It’s easy enough to find a derivation of the equation KE=½mv² but more difficult to find an explanation that doesn’t rely heavily on mathematics.

I want to show that when an object’s velocity (v) changes in a linear manner, like 0, 1, 2, 3, 4, 5, etc., then it’s kinetic energy (KE) will change like 0, 1, 4, 9, 16, 25, etc. The challenge is to come up with a quantitative answer but using easy to understand concepts and avoiding calculus.

**1. Velocity=1**

Start with two identical masses, m1 and m2, each with it own spring attached. The 2-mass system starts off with a velocity of zero, vs=0, and with the springs touching and held in compression, like in the diagram below. The total energy in the system is 0+1+1+0 being the KE of m1 plus the potential energy in each of the springs plus the KE of m2.

After the springs are released m1 shoots off to the left with velocity v1=1 and m2 heads in the opposite direction with velocity v2=-1. The potential energy in the springs has been changed into the kinetic energy of the objects so KE1=1 and KE2=1.

It doesn’t matter about units because whatever units are used (joules, kilograms, metres/second, etc.) the progression of velocities like 0, 1, 2, 3, 4, etc. should result in a progression of KE’s like 0, 1, 4, 9, 16, etc.

**2. Velocity=2**

Now, while m1 is travelling to the left with velocity v1=1, bring it into contact with another object, m3, and compress their springs like in the diagram below.

The trick is to consider the total energy in the system before the springs are released and then work out what is the energy in m1 after the springs have done their work.

Before the springs are released the energy of the system is 1+1+1+1=4 being the KE of m1 the potential energies of the springs and the KE of m3.

After the springs have been released m1 is heading to the left with velocity v2=2 and the velocity of m3 is v3=0. Because m3 is stationary it has no KE so all the system’s energy must be in the KE of m1. So KE1=4.

**3. Velocity =3**

Now repeat the process outlined in the previous section. First look at the energy in the system before the springs are released.
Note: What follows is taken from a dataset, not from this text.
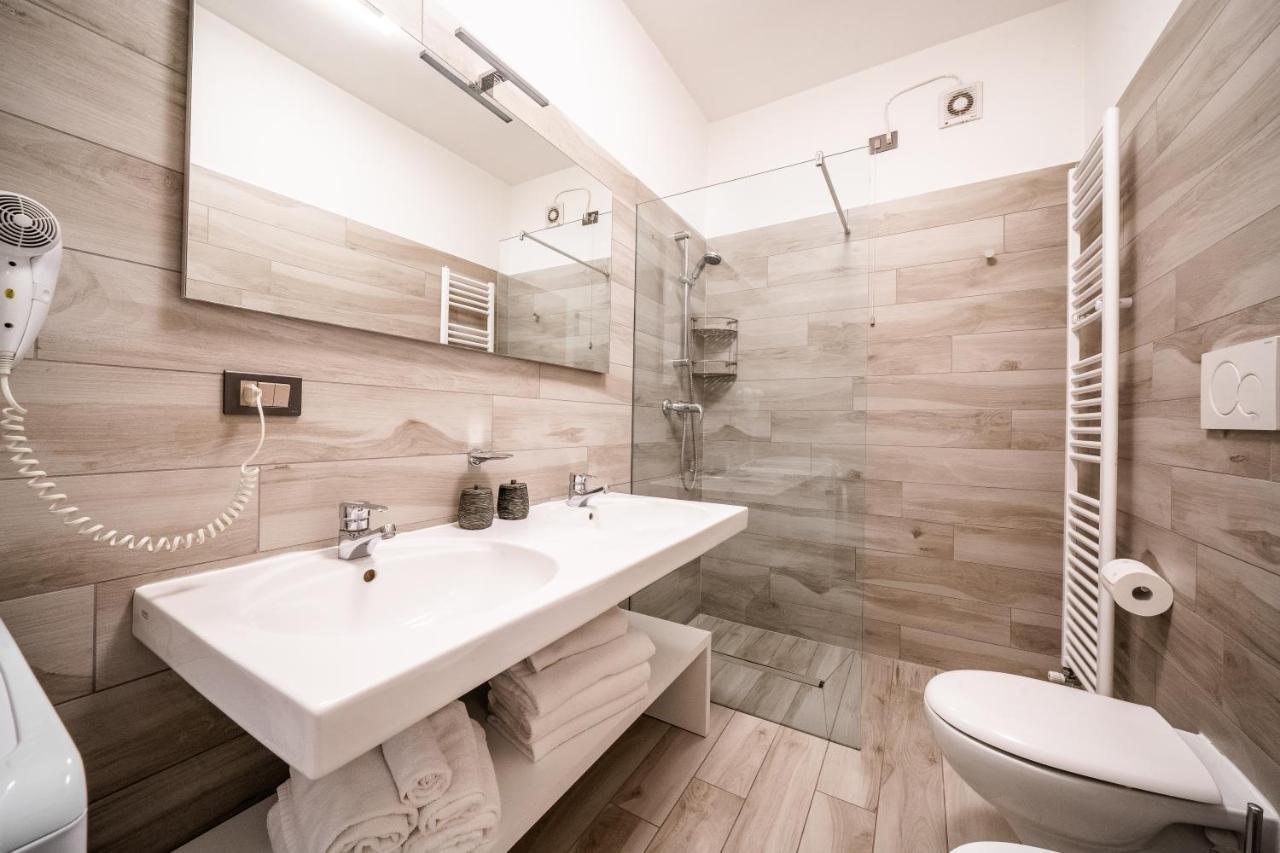 Appartamenti Vasco Renna Surf Center 토르볼레 외부 사진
It’s 4+1+1+4=10. Then, after the springs have been released, subtract the KE of m4 from the total to find the KE of m1. KE1=9.

**4. Velocity=4**

Energy in the system before the springs are released is 9+1+1+9=20. KE of m5 after the springs have been released is 4 so KE1=16.

In the same way:

For v1=5, KE1=16+1+1+16-9=25

For v1=6, KE1=25+1+1+25-16=36

It looks like kinetic energy is proportional to the square of velocity. Knowing how to derive this relationship without using calculus might not help with our day-to-day energy decisions except to show how a quantitative answer to a problem can sometimes be found by breaking the problem down to simple parts and basic principles.